**Given data:**
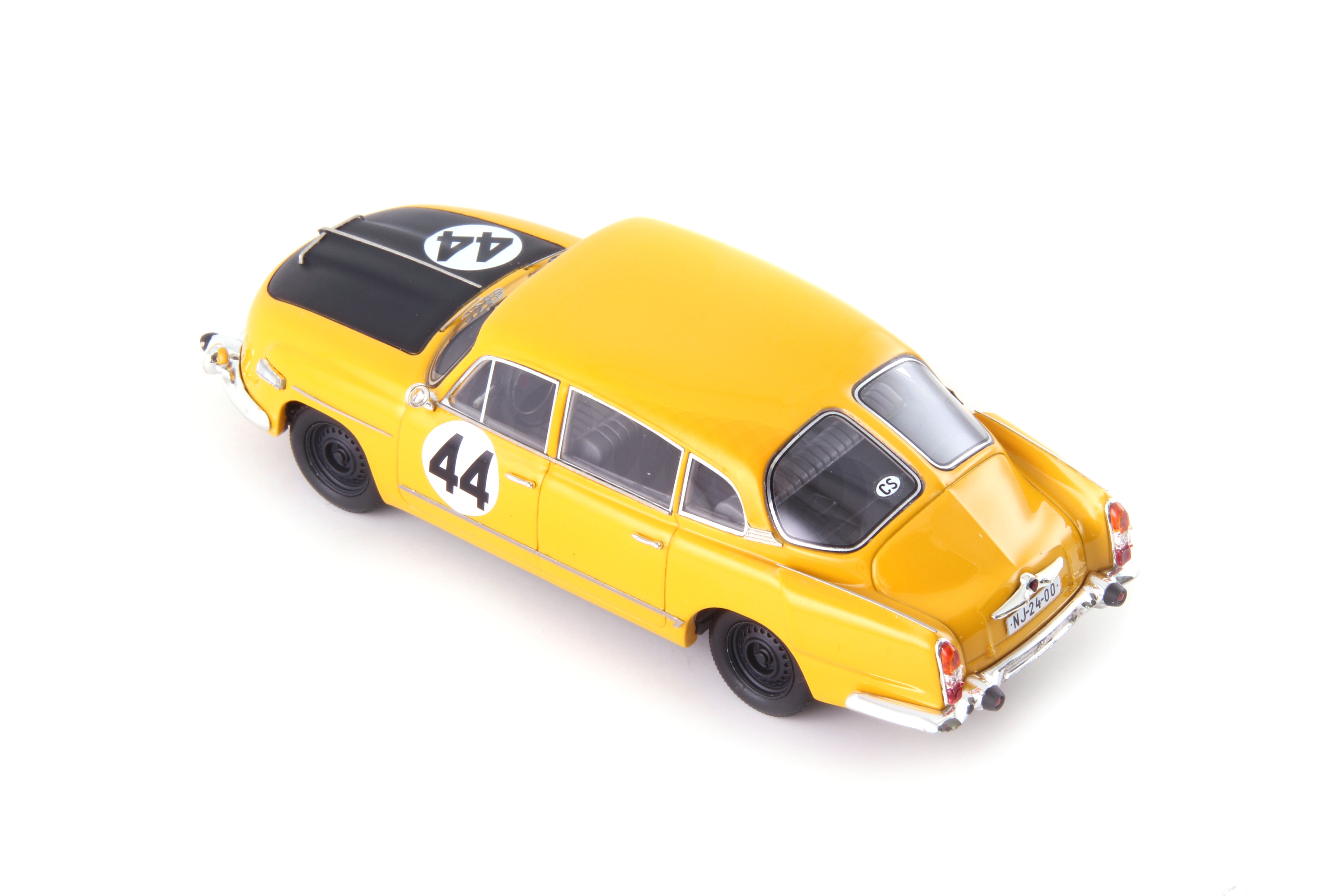 Tatra 603-2 B5 #44 Marathon de la Route 1966 1:43 AutoCult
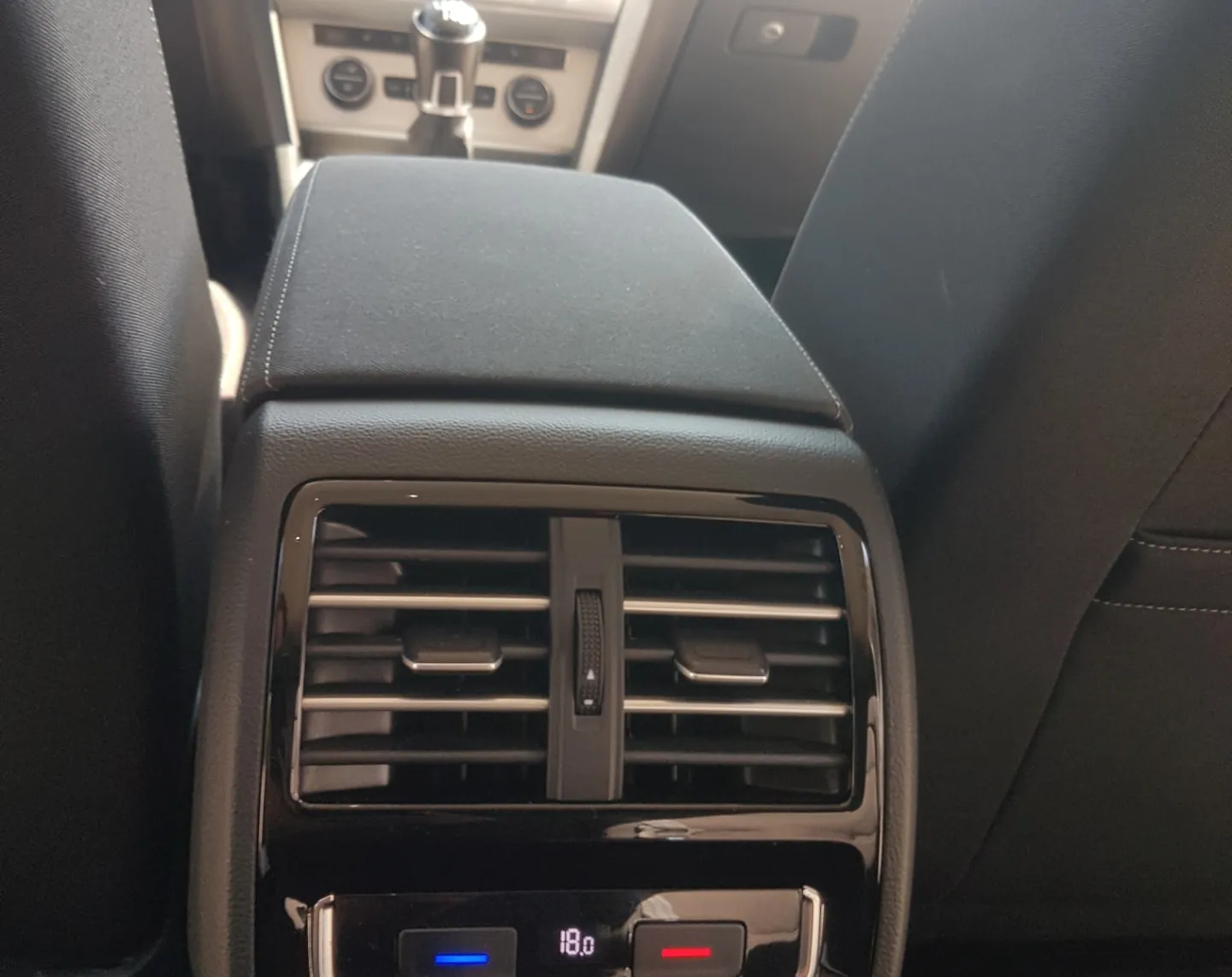 Zunanja slika - Volkswagen Passat - 2,0 TDI BMT Highline - 16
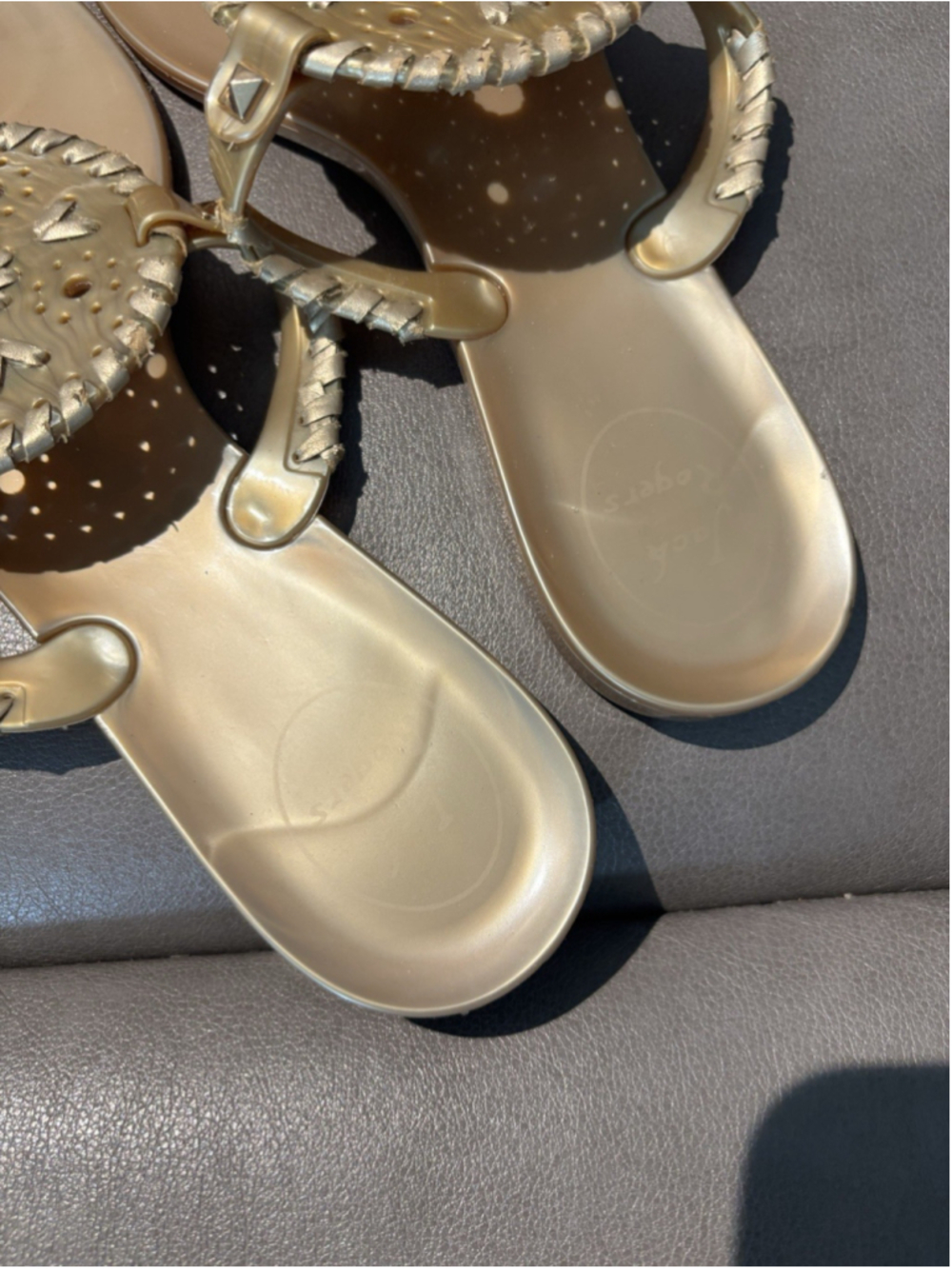 Jack Rogers Georgica Women Size 9 Gold Thong Jelly Flip Flop Sandals - Picture 10 of 10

**Exercise brief:**
Starting at the line with "Zunanja slika - Volkswagen", output each line through the final one of the listing above, and nothing else. Pictures are to be left out.

**Written response:**
 Zunanja slika - Volkswagen Passat - 2,0 TDI BMT Highline - 16
 Jack Rogers Georgica Women Size 9 Gold Thong Jelly Flip Flop Sandals - Picture 10 of 10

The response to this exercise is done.